**Your instructions**
Every record that follows must be given again exactly.

**Given records**
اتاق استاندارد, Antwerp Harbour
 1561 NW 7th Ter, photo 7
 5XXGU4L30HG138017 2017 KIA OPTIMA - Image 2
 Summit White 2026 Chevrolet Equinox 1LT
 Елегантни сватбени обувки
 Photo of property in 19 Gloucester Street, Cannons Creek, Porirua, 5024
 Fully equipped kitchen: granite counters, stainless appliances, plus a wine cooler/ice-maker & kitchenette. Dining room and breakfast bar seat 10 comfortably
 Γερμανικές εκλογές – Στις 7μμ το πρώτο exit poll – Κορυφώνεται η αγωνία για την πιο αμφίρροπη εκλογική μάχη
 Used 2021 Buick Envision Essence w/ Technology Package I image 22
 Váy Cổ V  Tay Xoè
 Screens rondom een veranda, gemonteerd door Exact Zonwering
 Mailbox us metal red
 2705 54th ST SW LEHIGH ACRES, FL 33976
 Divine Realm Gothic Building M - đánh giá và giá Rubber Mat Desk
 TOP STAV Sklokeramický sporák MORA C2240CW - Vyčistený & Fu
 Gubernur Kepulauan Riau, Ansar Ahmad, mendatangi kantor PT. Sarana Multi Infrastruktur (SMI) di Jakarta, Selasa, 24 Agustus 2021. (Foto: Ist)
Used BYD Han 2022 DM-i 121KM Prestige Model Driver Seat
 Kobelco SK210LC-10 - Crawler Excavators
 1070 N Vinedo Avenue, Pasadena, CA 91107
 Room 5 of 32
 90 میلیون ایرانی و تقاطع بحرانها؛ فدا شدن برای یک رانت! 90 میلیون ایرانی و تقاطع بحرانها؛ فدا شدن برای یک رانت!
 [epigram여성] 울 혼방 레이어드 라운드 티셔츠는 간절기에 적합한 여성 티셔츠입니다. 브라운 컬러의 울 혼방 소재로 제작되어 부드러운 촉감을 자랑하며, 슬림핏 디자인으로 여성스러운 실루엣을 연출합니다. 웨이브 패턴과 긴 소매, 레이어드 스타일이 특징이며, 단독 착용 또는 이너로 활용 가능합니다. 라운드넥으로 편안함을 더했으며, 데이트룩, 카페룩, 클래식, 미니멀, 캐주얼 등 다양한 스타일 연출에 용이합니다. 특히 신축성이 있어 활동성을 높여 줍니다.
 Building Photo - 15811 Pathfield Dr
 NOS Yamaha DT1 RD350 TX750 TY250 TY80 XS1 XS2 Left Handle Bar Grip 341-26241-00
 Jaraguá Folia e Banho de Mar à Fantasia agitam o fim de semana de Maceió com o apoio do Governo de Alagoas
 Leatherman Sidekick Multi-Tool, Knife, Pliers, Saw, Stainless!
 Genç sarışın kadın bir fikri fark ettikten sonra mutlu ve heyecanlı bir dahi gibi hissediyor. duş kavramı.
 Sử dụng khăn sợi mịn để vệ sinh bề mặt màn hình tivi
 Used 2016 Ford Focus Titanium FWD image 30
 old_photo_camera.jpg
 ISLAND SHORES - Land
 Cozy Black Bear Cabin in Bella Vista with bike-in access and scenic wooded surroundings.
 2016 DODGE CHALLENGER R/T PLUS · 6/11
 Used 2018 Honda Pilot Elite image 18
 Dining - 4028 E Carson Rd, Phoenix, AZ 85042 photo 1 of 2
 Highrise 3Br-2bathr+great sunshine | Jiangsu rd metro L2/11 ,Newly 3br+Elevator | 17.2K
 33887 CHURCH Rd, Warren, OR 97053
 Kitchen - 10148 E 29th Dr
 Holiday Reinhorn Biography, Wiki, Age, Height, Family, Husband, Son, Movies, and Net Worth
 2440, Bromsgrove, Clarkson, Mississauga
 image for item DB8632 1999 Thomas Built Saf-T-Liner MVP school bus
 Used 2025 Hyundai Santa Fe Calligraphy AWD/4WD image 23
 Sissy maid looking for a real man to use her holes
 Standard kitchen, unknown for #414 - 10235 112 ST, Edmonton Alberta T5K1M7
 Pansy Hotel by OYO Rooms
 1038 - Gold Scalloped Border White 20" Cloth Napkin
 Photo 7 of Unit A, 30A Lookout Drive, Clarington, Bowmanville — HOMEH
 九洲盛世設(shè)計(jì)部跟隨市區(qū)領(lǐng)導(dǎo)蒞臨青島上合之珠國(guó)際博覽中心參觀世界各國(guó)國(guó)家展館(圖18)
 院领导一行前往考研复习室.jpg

**Task output**
اتاق استاندارد, Antwerp Harbour
 1561 NW 7th Ter, photo 7
 5XXGU4L30HG138017 2017 KIA OPTIMA - Image 2
 Summit White 2026 Chevrolet Equinox 1LT
 Елегантни сватбени обувки
 Photo of property in 19 Gloucester Street, Cannons Creek, Porirua, 5024
 Fully equipped kitchen: granite counters, stainless appliances, plus a wine cooler/ice-maker & kitchenette. Dining room and breakfast bar seat 10 comfortably
 Γερμανικές εκλογές – Στις 7μμ το πρώτο exit poll – Κορυφώνεται η αγωνία για την πιο αμφίρροπη εκλογική μάχη
 Used 2021 Buick Envision Essence w/ Technology Package I image 22
 Váy Cổ V  Tay Xoè
 Screens rondom een veranda, gemonteerd door Exact Zonwering
 Mailbox us metal red
 2705 54th ST SW LEHIGH ACRES, FL 33976
 Divine Realm Gothic Building M - đánh giá và giá Rubber Mat Desk
 TOP STAV Sklokeramický sporák MORA C2240CW - Vyčistený & Fu
 Gubernur Kepulauan Riau, Ansar Ahmad, mendatangi kantor PT. Sarana Multi Infrastruktur (SMI) di Jakarta, Selasa, 24 Agustus 2021. (Foto: Ist)
Used BYD Han 2022 DM-i 121KM Prestige Model Driver Seat
 Kobelco SK210LC-10 - Crawler Excavators
 1070 N Vinedo Avenue, Pasadena, CA 91107
 Room 5 of 32
 90 میلیون ایرانی و تقاطع بحرانها؛ فدا شدن برای یک رانت! 90 میلیون ایرانی و تقاطع بحرانها؛ فدا شدن برای یک رانت!
 [epigram여성] 울 혼방 레이어드 라운드 티셔츠는 간절기에 적합한 여성 티셔츠입니다. 브라운 컬러의 울 혼방 소재로 제작되어 부드러운 촉감을 자랑하며, 슬림핏 디자인으로 여성스러운 실루엣을 연출합니다. 웨이브 패턴과 긴 소매, 레이어드 스타일이 특징이며, 단독 착용 또는 이너로 활용 가능합니다. 라운드넥으로 편안함을 더했으며, 데이트룩, 카페룩, 클래식, 미니멀, 캐주얼 등 다양한 스타일 연출에 용이합니다. 특히 신축성이 있어 활동성을 높여 줍니다.
 Building Photo - 15811 Pathfield Dr
 NOS Yamaha DT1 RD350 TX750 TY250 TY80 XS1 XS2 Left Handle Bar Grip 341-26241-00
 Jaraguá Folia e Banho de Mar à Fantasia agitam o fim de semana de Maceió com o apoio do Governo de Alagoas
 Leatherman Sidekick Multi-Tool, Knife, Pliers, Saw, Stainless!
 Genç sarışın kadın bir fikri fark ettikten sonra mutlu ve heyecanlı bir dahi gibi hissediyor. duş kavramı.
 Sử dụng khăn sợi mịn để vệ sinh bề mặt màn hình tivi
 Used 2016 Ford Focus Titanium FWD image 30
 old_photo_camera.jpg
 ISLAND SHORES - Land
 Cozy Black Bear Cabin in Bella Vista with bike-in access and scenic wooded surroundings.
 2016 DODGE CHALLENGER R/T PLUS · 6/11
 Used 2018 Honda Pilot Elite image 18
 Dining - 4028 E Carson Rd, Phoenix, AZ 85042 photo 1 of 2
 Highrise 3Br-2bathr+great sunshine | Jiangsu rd metro L2/11 ,Newly 3br+Elevator | 17.2K
 33887 CHURCH Rd, Warren, OR 97053
 Kitchen - 10148 E 29th Dr
 Holiday Reinhorn Biography, Wiki, Age, Height, Family, Husband, Son, Movies, and Net Worth
 2440, Bromsgrove, Clarkson, Mississauga
 image for item DB8632 1999 Thomas Built Saf-T-Liner MVP school bus
 Used 2025 Hyundai Santa Fe Calligraphy AWD/4WD image 23
 Sissy maid looking for a real man to use her holes
 Standard kitchen, unknown for #414 - 10235 112 ST, Edmonton Alberta T5K1M7
 Pansy Hotel by OYO Rooms
 1038 - Gold Scalloped Border White 20" Cloth Napkin
 Photo 7 of Unit A, 30A Lookout Drive, Clarington, Bowmanville — HOMEH
 九洲盛世設(shè)計(jì)部跟隨市區(qū)領(lǐng)導(dǎo)蒞臨青島上合之珠國(guó)際博覽中心參觀世界各國(guó)國(guó)家展館(圖18)
 院领导一行前往考研复习室.jpg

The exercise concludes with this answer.